- WHAT IS BEING ASKED
Of the entries below, restate word for word only the section that runs from the line with "Termina otro año" to the line with "2507 E 15th 213, Long Beach, CA 90804", counting both ends.

Dataset records

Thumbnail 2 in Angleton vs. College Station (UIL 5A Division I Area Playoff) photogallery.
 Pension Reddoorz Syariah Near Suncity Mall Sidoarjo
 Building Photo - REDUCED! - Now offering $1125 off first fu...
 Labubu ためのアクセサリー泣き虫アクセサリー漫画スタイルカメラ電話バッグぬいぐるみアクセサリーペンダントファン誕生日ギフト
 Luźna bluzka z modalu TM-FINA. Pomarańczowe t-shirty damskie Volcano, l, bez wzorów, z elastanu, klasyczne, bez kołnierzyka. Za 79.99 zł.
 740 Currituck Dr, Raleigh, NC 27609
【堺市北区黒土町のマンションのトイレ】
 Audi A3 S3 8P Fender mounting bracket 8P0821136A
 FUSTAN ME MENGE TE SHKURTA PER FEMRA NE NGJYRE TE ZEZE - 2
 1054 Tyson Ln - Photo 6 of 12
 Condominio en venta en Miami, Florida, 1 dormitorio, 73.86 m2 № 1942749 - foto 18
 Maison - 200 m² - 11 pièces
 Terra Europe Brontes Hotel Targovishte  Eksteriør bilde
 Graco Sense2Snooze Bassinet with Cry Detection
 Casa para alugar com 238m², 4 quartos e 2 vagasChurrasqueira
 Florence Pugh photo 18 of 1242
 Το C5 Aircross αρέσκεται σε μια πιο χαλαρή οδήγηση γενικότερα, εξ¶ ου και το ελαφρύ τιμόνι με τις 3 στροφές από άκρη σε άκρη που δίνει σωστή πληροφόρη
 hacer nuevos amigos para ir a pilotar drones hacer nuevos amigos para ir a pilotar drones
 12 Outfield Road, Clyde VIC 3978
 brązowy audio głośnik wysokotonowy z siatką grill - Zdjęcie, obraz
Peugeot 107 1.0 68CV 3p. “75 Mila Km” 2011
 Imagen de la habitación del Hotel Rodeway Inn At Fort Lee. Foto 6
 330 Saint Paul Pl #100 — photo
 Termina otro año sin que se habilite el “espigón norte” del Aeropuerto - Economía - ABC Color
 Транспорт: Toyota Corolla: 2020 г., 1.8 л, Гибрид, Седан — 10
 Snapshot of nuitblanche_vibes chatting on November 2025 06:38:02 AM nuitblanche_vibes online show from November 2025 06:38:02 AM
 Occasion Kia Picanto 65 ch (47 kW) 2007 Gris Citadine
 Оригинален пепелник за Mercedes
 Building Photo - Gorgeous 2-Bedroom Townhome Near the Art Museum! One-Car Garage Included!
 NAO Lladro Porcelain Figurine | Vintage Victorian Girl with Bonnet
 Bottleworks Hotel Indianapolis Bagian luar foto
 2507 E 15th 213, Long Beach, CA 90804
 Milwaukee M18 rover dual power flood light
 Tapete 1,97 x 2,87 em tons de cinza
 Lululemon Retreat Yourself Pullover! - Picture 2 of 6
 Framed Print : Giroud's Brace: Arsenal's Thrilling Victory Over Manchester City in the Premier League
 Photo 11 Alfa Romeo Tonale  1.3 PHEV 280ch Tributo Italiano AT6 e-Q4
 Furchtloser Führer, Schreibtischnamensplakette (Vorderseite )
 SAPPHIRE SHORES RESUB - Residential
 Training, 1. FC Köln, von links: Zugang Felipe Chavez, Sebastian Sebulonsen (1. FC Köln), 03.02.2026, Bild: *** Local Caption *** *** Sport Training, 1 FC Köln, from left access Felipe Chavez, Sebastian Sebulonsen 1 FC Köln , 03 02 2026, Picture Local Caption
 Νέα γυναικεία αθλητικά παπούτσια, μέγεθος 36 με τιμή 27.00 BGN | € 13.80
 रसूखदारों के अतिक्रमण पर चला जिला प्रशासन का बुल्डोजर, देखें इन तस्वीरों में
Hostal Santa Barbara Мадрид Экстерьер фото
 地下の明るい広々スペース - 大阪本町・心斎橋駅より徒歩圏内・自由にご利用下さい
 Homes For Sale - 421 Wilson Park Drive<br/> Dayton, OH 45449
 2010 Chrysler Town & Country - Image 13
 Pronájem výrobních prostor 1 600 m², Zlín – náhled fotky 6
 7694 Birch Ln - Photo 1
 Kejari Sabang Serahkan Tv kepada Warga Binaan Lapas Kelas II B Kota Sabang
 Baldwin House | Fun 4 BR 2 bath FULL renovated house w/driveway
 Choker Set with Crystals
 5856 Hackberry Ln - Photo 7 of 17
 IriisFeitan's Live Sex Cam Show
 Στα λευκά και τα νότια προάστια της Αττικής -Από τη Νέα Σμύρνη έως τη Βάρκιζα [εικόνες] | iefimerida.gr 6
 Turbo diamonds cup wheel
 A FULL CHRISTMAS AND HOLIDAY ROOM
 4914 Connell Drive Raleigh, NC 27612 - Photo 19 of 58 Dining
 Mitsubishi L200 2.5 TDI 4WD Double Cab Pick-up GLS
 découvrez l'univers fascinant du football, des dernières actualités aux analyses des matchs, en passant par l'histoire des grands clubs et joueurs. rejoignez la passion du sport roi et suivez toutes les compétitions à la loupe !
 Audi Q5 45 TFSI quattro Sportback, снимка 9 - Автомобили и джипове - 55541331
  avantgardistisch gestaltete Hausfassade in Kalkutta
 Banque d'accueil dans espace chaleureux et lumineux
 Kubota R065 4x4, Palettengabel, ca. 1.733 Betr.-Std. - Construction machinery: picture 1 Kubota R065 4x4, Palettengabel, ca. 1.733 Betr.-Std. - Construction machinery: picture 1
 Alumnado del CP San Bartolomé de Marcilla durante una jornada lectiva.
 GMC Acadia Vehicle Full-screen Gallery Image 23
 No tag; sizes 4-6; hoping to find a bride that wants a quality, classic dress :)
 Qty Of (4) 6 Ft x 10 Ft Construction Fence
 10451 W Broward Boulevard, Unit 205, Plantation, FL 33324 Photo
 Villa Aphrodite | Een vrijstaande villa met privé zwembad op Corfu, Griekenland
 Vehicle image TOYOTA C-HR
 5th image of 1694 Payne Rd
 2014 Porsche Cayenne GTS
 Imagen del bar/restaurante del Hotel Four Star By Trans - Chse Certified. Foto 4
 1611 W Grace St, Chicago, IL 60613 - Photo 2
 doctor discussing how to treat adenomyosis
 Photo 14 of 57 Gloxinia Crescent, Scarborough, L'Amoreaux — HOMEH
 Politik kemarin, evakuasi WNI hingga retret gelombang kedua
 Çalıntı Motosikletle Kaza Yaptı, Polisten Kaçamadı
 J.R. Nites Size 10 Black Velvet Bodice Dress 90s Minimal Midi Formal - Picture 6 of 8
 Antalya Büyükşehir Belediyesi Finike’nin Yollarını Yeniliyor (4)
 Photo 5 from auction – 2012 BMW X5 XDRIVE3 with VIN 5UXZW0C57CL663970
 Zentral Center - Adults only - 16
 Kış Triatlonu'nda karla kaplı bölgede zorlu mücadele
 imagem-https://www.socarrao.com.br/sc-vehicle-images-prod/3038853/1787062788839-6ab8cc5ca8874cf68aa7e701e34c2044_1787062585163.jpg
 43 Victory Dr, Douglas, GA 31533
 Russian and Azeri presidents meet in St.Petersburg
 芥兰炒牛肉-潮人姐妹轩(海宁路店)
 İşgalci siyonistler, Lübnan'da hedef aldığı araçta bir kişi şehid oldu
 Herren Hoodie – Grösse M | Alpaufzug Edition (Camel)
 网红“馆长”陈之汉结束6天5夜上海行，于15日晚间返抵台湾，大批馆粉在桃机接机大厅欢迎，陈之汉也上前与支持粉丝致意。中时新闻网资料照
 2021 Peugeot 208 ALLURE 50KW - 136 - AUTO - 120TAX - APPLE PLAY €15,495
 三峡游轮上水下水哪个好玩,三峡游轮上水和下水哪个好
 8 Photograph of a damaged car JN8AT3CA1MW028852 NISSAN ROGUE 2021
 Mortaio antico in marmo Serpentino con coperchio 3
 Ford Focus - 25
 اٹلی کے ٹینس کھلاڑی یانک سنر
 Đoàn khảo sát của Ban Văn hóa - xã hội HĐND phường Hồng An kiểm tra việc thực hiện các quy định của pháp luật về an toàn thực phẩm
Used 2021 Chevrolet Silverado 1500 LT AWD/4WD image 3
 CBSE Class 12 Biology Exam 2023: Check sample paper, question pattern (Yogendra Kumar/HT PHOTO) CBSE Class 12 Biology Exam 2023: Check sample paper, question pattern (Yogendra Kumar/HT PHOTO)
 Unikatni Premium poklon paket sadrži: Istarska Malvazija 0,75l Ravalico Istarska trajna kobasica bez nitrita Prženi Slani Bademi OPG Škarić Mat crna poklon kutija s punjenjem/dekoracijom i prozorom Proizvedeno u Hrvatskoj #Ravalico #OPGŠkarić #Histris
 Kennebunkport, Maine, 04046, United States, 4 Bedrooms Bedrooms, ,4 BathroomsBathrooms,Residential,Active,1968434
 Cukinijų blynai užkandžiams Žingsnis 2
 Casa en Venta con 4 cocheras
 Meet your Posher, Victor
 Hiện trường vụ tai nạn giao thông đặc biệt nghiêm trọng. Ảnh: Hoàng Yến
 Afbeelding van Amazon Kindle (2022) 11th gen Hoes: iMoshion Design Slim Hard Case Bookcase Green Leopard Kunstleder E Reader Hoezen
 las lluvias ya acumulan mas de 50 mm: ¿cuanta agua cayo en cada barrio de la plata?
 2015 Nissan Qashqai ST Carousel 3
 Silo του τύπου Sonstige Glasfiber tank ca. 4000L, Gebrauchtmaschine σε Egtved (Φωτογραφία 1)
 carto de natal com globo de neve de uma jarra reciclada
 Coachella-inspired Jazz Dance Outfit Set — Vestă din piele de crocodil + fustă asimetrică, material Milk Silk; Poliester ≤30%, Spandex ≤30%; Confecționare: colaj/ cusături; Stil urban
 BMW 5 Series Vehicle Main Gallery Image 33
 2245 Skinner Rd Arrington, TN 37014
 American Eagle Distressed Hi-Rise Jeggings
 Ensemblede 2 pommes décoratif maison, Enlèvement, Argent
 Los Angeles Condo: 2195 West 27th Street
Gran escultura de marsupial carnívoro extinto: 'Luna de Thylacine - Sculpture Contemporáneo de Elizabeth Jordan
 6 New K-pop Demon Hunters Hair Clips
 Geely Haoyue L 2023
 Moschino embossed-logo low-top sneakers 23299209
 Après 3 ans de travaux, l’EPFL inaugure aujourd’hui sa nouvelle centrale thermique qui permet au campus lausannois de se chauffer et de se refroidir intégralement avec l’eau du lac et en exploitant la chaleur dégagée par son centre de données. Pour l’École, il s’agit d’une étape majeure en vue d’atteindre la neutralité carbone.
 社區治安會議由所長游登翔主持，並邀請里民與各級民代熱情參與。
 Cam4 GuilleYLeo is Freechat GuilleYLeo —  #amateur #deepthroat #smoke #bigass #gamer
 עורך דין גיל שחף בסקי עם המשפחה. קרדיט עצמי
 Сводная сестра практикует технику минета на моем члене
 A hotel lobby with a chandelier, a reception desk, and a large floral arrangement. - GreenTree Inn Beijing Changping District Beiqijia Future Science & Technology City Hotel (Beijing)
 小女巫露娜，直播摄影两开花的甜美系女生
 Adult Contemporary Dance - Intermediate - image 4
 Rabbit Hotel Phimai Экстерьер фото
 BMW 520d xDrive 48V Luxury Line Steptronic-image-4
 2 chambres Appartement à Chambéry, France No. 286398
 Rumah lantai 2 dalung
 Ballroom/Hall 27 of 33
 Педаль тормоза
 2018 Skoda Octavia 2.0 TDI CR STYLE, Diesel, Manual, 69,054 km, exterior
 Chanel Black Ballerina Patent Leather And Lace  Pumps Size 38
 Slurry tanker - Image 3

- ANSWER FOR THIS EXERCISE
 Termina otro año sin que se habilite el “espigón norte” del Aeropuerto - Economía - ABC Color
 Транспорт: Toyota Corolla: 2020 г., 1.8 л, Гибрид, Седан — 10
 Snapshot of nuitblanche_vibes chatting on November 2025 06:38:02 AM nuitblanche_vibes online show from November 2025 06:38:02 AM
 Occasion Kia Picanto 65 ch (47 kW) 2007 Gris Citadine
 Оригинален пепелник за Mercedes
 Building Photo - Gorgeous 2-Bedroom Townhome Near the Art Museum! One-Car Garage Included!
 NAO Lladro Porcelain Figurine | Vintage Victorian Girl with Bonnet
 Bottleworks Hotel Indianapolis Bagian luar foto
 2507 E 15th 213, Long Beach, CA 90804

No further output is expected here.